A multi-institutional team of researchers in China claim to have taken the lead in a race toward “quantum supremacy,” according to a paper recently published in the journal Science.
Jiuzhang, a computer built and tested by the Chinese researchers, is reportedly able to perform computations which cannot be achieved with classical computation systems. According to the research published in Science, Jiuzhang succeeded at performing a mathematically impossible task in just a few minutes, a feat that they say would require close to 2.3 billion years of work for any of the best supercomputers today.
The Chinese team is reportedly the first to challenge similar claims of quantum supremacy made by Google last fall.
In September 2019, news of Google’s achievement initially appeared online after a paper was accidentally posted on the web, and subsequently removed prior to publication. Financial Times reported on the leaked paper, which appeared briefly on a NASA website before it was taken down, and its claim that the tech giant had performed a similarly “impossible” calculation in less than three-and-a-half minutes with Sycamore, a qubits-based computer which operated with superconducting materials.
Google said at the time of publication that Summit, the most advanced supercomputer in existence at that time, would have taken 10,000 years to perform the same calculation. Also known as OLCF-4, Summit was created by IBM and has performance capabilities of up to 200 petaFLOPS, which effectively made it the world’s fastest supercomputer at the time it was built in November 2018. The computer, which was built for Oak Ridge National Laboratory, has since been overtaken by Fugaku, a Japanese computing cluster that won the Top500, a recent competition between the fastest supercomputers currently in existence.
In the December 3 Science paper, the Chinese team said their device is a photon-based quantum computer, designed specifically to be able to perform just one type of calculation, known as BosonSampling.
Scott Aaronson, who co-created BosonSampling in 2013, offers a simple description of it as “a proposal for achieving quantum supremacy by simply passing identical, non-interacting photons through an array of beamsplitters, and then measuring where they end up.”
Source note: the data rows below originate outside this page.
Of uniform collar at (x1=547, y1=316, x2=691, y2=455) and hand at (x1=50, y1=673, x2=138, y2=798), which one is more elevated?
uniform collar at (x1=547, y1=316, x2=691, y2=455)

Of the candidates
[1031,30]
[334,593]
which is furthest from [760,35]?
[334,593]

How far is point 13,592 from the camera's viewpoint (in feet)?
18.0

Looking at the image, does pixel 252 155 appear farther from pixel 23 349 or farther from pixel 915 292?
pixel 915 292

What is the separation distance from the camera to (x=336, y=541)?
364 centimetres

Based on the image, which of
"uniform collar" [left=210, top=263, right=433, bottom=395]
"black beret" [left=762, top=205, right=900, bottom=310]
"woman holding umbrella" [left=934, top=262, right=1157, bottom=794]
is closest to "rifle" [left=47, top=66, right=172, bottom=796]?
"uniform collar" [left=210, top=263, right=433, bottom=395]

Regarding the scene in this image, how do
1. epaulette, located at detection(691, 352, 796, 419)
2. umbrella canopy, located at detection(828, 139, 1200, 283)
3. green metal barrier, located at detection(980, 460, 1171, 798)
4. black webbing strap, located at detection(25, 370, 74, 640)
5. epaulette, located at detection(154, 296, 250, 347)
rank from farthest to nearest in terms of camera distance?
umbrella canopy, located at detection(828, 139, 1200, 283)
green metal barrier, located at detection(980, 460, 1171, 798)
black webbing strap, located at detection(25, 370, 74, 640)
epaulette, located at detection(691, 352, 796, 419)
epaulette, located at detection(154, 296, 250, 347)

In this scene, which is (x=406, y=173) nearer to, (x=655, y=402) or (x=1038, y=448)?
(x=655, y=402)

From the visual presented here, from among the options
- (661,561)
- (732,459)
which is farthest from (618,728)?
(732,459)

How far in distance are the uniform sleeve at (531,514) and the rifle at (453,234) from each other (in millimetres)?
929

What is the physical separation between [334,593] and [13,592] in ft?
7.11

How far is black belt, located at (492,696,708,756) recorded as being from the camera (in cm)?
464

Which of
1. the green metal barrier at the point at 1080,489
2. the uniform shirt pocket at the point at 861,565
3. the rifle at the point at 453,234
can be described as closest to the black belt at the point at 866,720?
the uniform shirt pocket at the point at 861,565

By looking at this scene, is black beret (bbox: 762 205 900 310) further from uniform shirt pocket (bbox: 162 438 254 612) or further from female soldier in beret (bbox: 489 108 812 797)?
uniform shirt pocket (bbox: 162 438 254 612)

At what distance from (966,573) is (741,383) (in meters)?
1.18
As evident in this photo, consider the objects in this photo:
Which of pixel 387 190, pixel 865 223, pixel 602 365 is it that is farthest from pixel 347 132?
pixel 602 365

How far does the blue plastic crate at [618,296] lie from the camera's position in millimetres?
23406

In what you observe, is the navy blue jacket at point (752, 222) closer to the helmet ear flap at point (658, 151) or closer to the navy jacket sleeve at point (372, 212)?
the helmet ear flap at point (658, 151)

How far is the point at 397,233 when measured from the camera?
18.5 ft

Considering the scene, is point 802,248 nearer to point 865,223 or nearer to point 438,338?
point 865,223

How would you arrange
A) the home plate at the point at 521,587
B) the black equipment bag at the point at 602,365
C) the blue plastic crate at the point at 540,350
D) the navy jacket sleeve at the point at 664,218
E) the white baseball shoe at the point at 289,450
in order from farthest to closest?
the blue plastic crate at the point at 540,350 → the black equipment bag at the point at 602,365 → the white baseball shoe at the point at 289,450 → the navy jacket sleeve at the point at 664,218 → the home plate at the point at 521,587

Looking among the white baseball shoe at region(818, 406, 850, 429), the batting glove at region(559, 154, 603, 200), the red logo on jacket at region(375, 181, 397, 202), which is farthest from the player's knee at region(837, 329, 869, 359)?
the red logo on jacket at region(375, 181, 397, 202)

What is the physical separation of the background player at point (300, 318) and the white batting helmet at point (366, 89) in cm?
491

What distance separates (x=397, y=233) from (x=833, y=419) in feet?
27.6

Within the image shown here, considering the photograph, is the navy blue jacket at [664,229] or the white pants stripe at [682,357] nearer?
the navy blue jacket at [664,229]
“As co-inventor of BosonSampling, of course I’m gratified about the dramatic advance that this experiment represents,” Aaronson said in an email to The Debrief.
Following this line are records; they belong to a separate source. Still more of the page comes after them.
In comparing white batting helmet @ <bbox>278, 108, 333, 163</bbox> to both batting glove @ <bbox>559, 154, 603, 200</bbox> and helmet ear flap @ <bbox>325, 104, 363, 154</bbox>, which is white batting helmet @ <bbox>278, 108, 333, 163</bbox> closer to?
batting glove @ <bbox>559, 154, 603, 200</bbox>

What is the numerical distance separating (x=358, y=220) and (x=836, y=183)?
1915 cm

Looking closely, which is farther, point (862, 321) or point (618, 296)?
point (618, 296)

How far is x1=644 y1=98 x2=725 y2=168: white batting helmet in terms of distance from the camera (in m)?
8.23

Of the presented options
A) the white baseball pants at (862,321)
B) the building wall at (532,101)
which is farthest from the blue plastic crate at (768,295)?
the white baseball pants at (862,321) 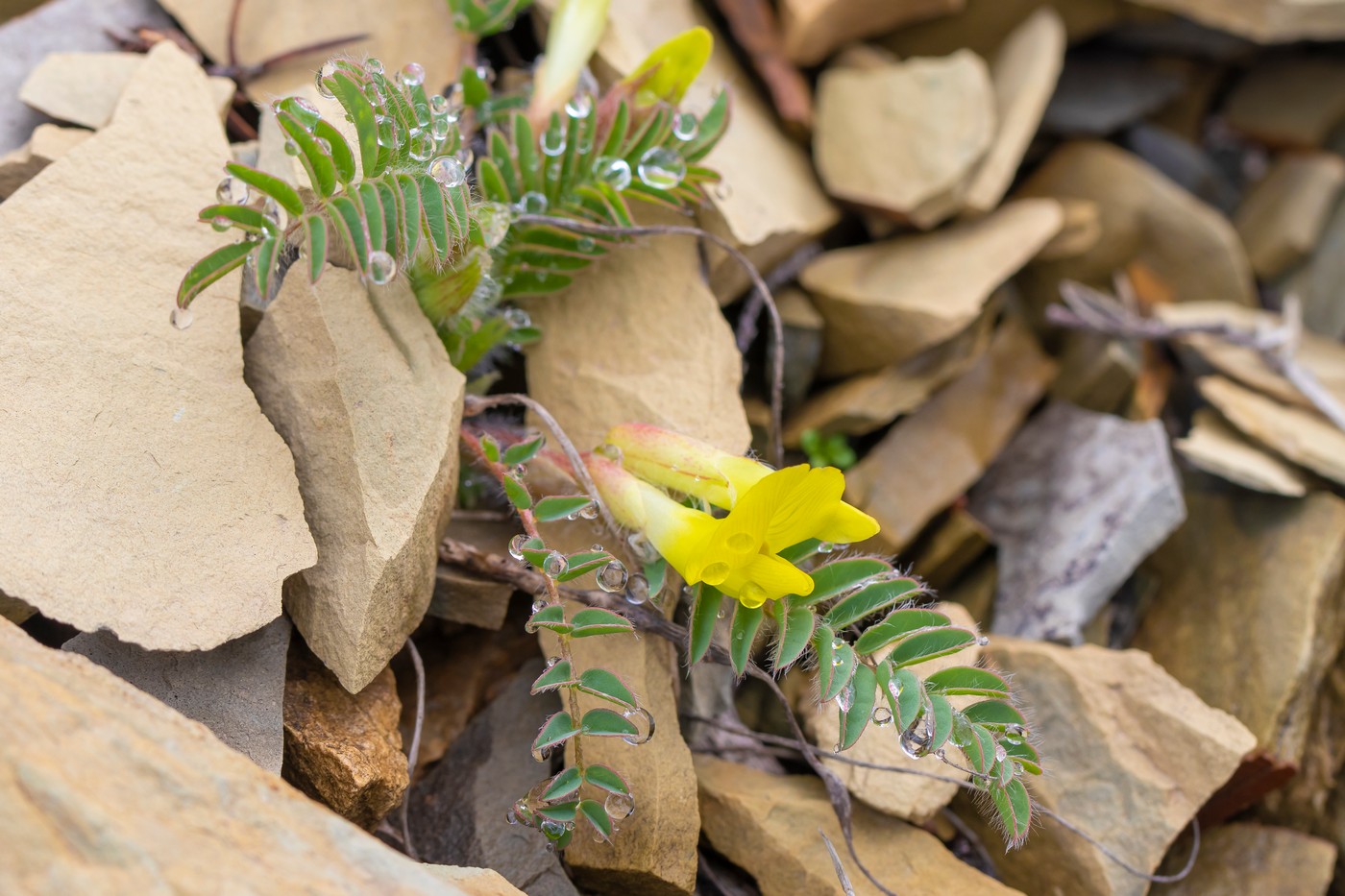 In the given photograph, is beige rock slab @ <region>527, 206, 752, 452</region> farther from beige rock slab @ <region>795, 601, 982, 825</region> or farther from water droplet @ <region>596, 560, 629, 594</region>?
beige rock slab @ <region>795, 601, 982, 825</region>

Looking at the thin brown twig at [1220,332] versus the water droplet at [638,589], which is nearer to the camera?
the water droplet at [638,589]

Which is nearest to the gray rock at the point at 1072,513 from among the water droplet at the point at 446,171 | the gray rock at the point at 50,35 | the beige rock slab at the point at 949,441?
the beige rock slab at the point at 949,441

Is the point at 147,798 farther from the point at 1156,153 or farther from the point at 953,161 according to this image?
the point at 1156,153

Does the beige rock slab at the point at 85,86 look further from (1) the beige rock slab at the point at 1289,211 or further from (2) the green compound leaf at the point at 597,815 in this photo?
(1) the beige rock slab at the point at 1289,211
Aaronson, who is also director of UTA’s Quantum Information Center, is the David J. Bruton Centennial Professor of Computer Science at The University of Texas at Austin. He previously taught Electrical Engineering and Computer Science at MIT for nine years.
“As for whether it’s ‘true’ quantum supremacy,” Aaronson told us, “or whether the results can still be spoofed with a classical computer… well, people are now trying as hard as they can to shoot the thing down!”
Borrowing Aaronson’s concept, Jiuzhang’s sole function is to be able to compute using a multi-input/output straight-line optical circuit capable of performing under conditions where traditional processors quickly get bogged down. The device consists of a parallel array of photons which encounter mirrors and beam splitters after they are fired into a circuit. If any pair of photons were to simultaneously strike the same beam splitter, each of the unsplit photons follows one of the paths away from the splitter in question. A distribution of numbers results as this process repeats, representing the machine’s network output.
According to the Chinese team, their photonic quantum computer is equipped to manage 100 inputs and outputs, and includes an array of 300 beam splitters and 75 mirrors. The result, they say, was a mathematically impossible computation, achieved in just 3.33 seconds, roughly equivalent to Google’s calculations last fall.
Following the publication of the Chinese team’s research in Science, questions began to be raised about whether true BosonSampling had occurred, as opposed to sampling which involved qubit-based random circuits.
“The Google team, along with Gil Kalai, have raised questions about whether the results of the new BosonSampling experiment might be easier to spoof classically than the USTC team thought they were,” Aaronson wrote at his blog, “because of a crucial difference between BosonSampling and qubit-based random circuit sampling.”
Aaronson says that the Google team is concerned about whether true BosonSampling is being achieved. If not, it remains possible that there are certain conditions at play which might allow for a classical algorithm that could still be misread as performing “comparable to what the USTC team reported.”
“I don’t know which side is going to win,” Aaronson told The Debrief, though adding that he might be able to offer more insight as the situation develops.
The recent Chinese study, titled “Quantum computational advantage using photons,” was led by co-authors Jianwei Pan and Chao-Yang Lu, and published in the journal Science.